Thanks to the permanence of these archaic survival instincts, these women hinted to me the existence of a violent trauma that occurred during foetal life and repeats itself before birth. To conceptualize and write about this prenatal primal trauma, by translating what they were trying to convey with their words and tones of voice, as well as with their body language and posture, I had to carve the stone. They would sometimes spontaneously bring me poems and drawings that portrayed the agonizing unborn child in them, something that turned out very useful to me. As a consequence, I was able to come to grips with states of foetal suffering. With primordial agonies that led me to think that the psychic life and the unconscious image of the child’s body form as early as conception inside the mother’s body, imbricating with her anguish, wishes, signifiers and perceptions, emotions, representations and unconscious fantasies of the grandparents and of both parents.
I shall try to show how unconscious fantasies passed on by grandmothers can shape the destiny of a bulimic or anorexic even before birth.
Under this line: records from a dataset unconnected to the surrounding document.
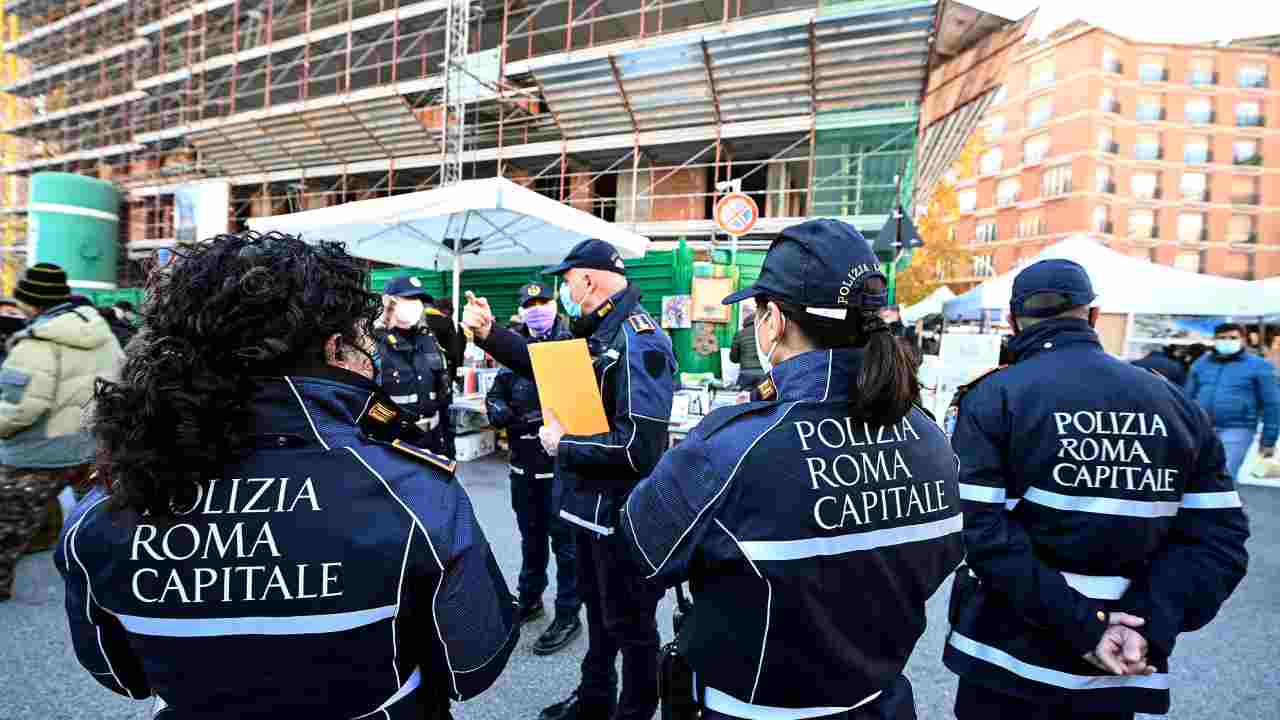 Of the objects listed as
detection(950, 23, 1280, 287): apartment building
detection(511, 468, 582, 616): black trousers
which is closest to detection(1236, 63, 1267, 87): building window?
detection(950, 23, 1280, 287): apartment building

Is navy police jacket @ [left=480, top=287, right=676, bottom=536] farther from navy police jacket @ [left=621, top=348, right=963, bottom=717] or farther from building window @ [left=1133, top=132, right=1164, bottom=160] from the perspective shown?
building window @ [left=1133, top=132, right=1164, bottom=160]

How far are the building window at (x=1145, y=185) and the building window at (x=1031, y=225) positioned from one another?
5164 mm

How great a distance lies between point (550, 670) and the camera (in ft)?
10.6

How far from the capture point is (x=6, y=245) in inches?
1143

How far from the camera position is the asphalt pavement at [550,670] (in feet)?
9.60

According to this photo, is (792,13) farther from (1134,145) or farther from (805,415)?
(1134,145)

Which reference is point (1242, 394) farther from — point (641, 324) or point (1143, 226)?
Result: point (1143, 226)

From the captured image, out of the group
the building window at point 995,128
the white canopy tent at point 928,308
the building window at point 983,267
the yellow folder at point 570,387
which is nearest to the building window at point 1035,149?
the building window at point 995,128

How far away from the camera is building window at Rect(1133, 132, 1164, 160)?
40.2 m

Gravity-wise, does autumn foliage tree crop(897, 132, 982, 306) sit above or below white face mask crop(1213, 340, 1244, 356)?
above

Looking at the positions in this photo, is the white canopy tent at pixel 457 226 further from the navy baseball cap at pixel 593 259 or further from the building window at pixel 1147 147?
the building window at pixel 1147 147

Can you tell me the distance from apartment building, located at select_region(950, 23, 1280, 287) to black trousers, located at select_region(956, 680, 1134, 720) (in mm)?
45396

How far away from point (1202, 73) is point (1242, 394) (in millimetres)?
48238

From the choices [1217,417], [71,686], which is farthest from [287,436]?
[1217,417] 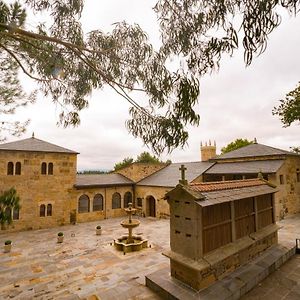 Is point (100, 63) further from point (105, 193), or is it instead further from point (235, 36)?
point (105, 193)

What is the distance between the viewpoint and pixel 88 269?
941cm

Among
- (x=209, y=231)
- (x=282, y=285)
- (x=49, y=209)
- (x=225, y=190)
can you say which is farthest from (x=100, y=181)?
(x=282, y=285)

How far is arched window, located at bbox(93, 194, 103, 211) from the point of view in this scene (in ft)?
66.7

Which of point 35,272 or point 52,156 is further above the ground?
point 52,156

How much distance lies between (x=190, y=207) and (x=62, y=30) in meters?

To do this, I probed into the most archaic fantasies related to reproduction, which I refer to as primal maternal fantasies, by listening to the life stories of women as a poetic cor(e)-tex(t) engraved in their memory. I cross-referenced this poetic input with that of scientific research, in accordance with Freud’s recommendation, in the footnotes at the end of each chapter.
This book is therefore a theoretical essay based on psychoanalytical practice and on listening to bulimic and anorexic adult women. The first chapter describes their feelings and symptoms during our first session. In the other chapters, clinical cases help us shed light on the obscure aspects of these pathologies by revealing the unconscious fantasies structuring the organization of primordial narcissism and the unconscious body image, brought to the surface in analysis through transference and the analyst’s listening.
We shall see how the symbolic breach in the representation of time is the ultimate cause of bulimia and anorexia.
I invite the reader to embark on the journey I undertook in search of those ghost stars forlorn behind the galaxy and follow its different stages. Equipped with a detective’s magnifying glass, I shall try to put together the pieces of the jigsaw of that primeval Big-Bang that caused them to collapse into the black holes of parental memory.